# R500 crank upgrade



## Oldteen (Sep 7, 2005)

Thinking about upgrading my '05 R500's crankset. The stock TruVativ Touro triple is OK, but seems heavy- even for training/touring use. The Cdale catalog lists my BB as "Shimano 4-taper", but their website lists BB as TruVativ Power Spline. I'm confused. Bottom line- Is it practical to upgrade the crankset to Ultegra?


----------



## bike_freak (Jun 6, 2005)

Oldteen said:


> Thinking about upgrading my '05 R500's crankset. The stock TruVativ Touro triple is OK, but seems heavy- even for training/touring use. The Cdale catalog lists my BB as "Shimano 4-taper", but their website lists BB as TruVativ Power Spline. I'm confused. Bottom line- Is it practical to upgrade the crankset to Ultegra?


 I just replaced my stock crankset about 1hour ago. I bought some Truvative Rouleur Carbon GXP 39/53's off of ebay for a bargain and finally got aound to replacing them. 

I changed my crankset for many reasons. But mainly becuase i hated the triple ring combo, and i also weighed the stock crankset, and was sad to find they weighed over 1300grams (BB included). Also i wanted longer cranks to be a better match to my MTB. 

My BB was a Shimano Square tapered, and i'm sure yours will be too. 

Adjusting the front deraileur/shifting was a little difficult as the tiagra front deraileur is hyper sensative, but i finally got it right (I think). 

The new cranks did not cost me a fortune, and saved 500grams, improved shifting, looks, areo, climbing, drag, stiffness and much more.. Definately a reccomended upgrade. 

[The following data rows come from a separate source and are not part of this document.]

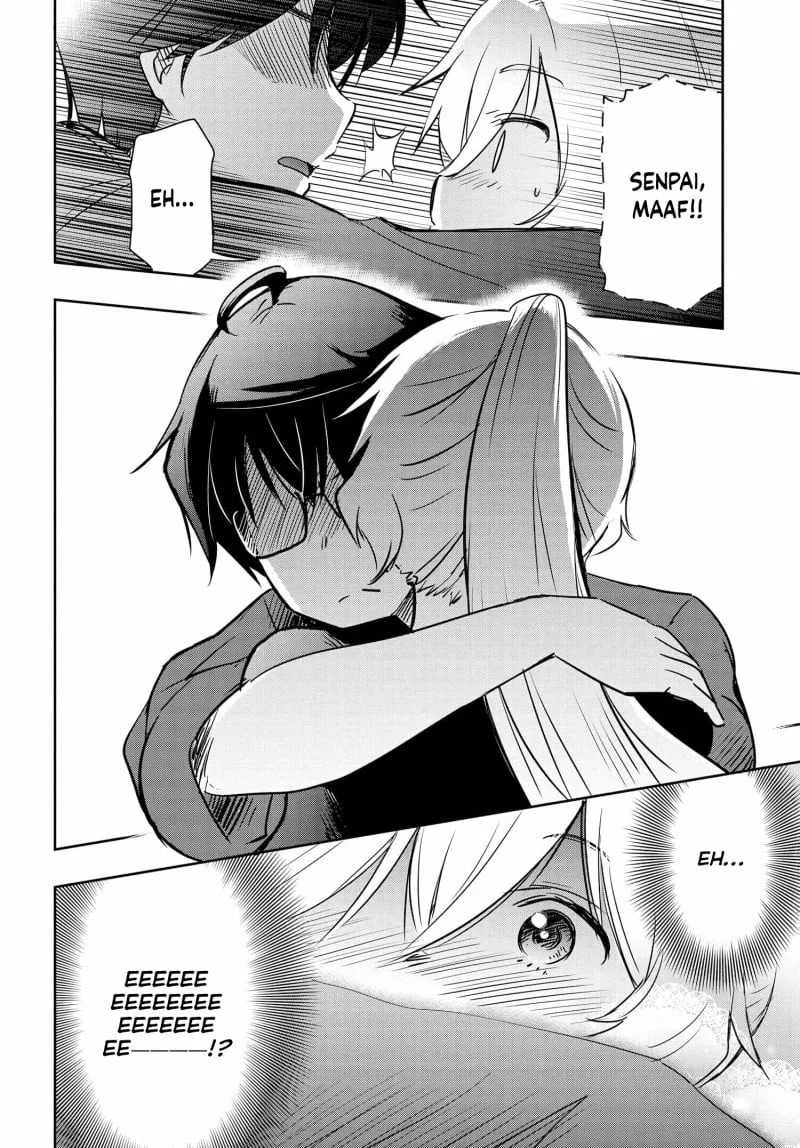 Chapter 22 - halaman 15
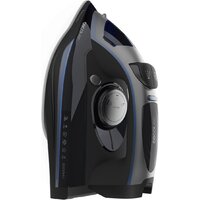 Cecotec IronHero 3200 i-Pump Anodized Image #2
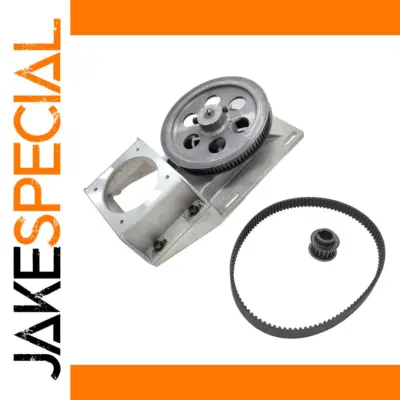 8d76f204197246b0bac59d74 product image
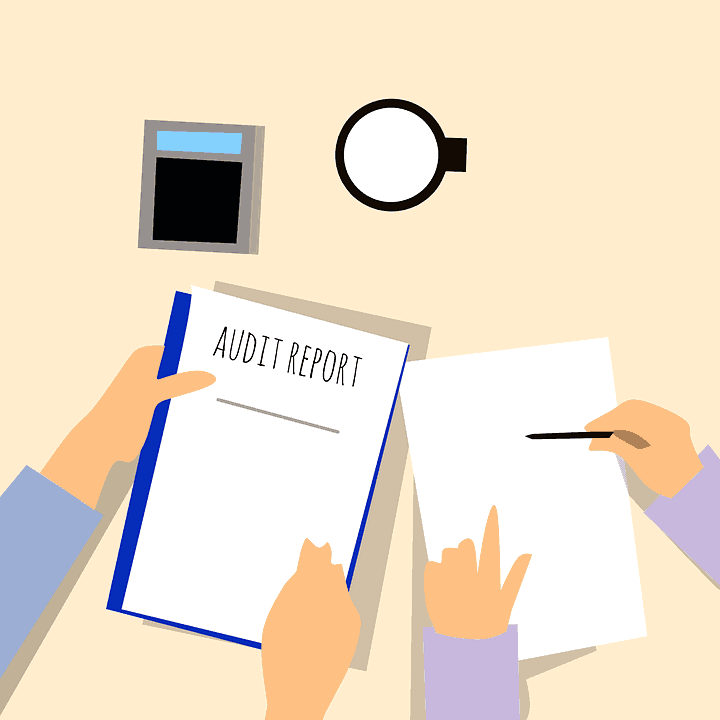 A Career in Finance: What are Your Options Exactly? 3 Chartered Accountancy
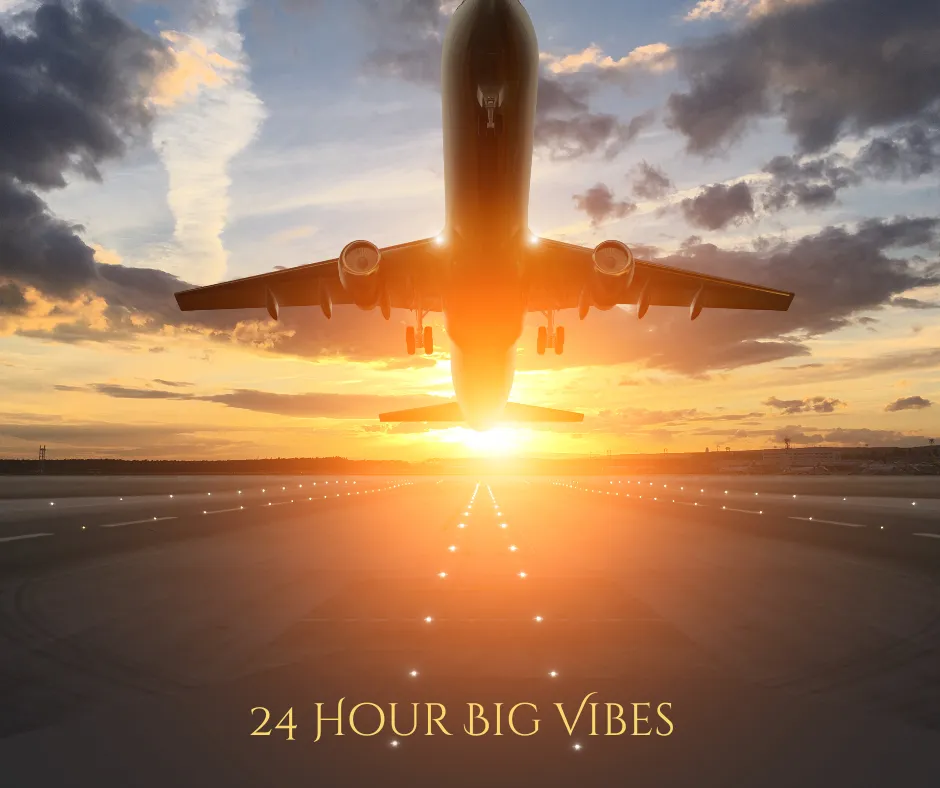 white airplane wing under white clouds during daytime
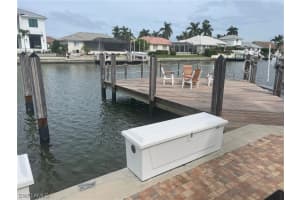 880 Huron Court, Marco Island, FL 34145 - MLS#224022160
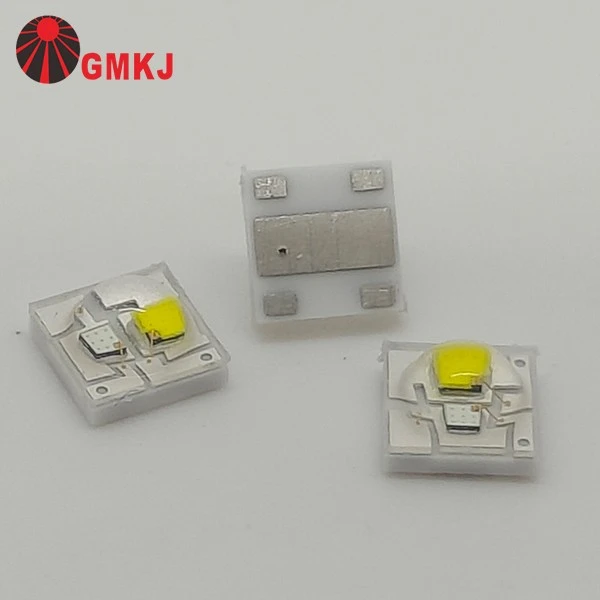 Warning Beacon 2in1 White Blue 3535 SMD LED suppliers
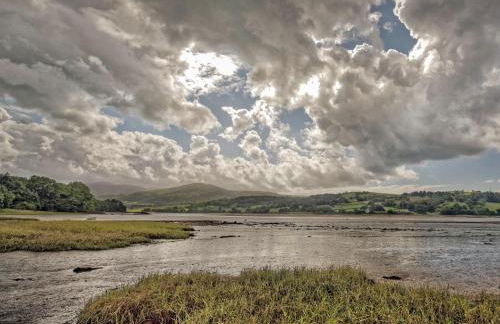 Bryn Y Mor - Foto 36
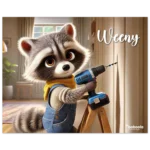 8ea979f0-6697-481c-b448-92f31eb0c74e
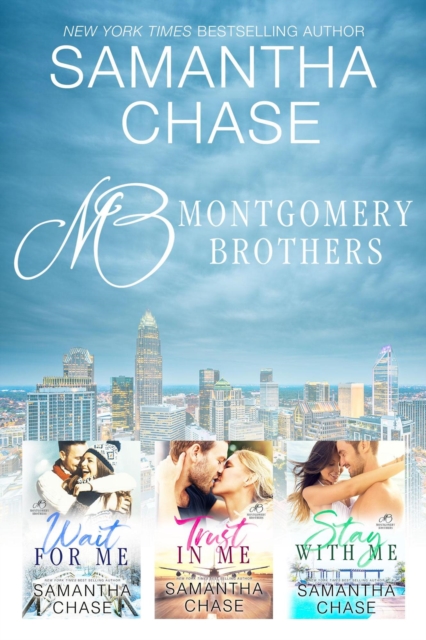 Montgomery Brothers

Next on the list is wheels Stock wheels weigh 2.3kg!


----------



## Oldteen (Sep 7, 2005)

bike_freak said:


> I just replaced my stock crankset about 1hour ago. I bought some Truvative Rouleur Carbon GXP 39/53's off of ebay for a bargain and finally got aound to replacing them.
> 
> I changed my crankset for many reasons. But mainly becuase i hated the triple ring combo, and i also weighed the stock crankset, and was sad to find they weighed over 1300grams (BB included). Also i wanted longer cranks to be a better match to my MTB.
> 
> ...


Some don't believe me when I quote the weight of those stock T3 wheels. Gipiemme.com lists these at 2190g +/- 5% WITHOUT quick releases!!!! They've been solid for me, but seem like boat anchors compared to other wheelsets I've tested. I'm considering the classic 32 spoke Ultegra/OpenPro wheelset, or perhaps going Velomax or FSA. Cane Creek Aeroheads ('05's) are also interesting. No $$ for Zipps.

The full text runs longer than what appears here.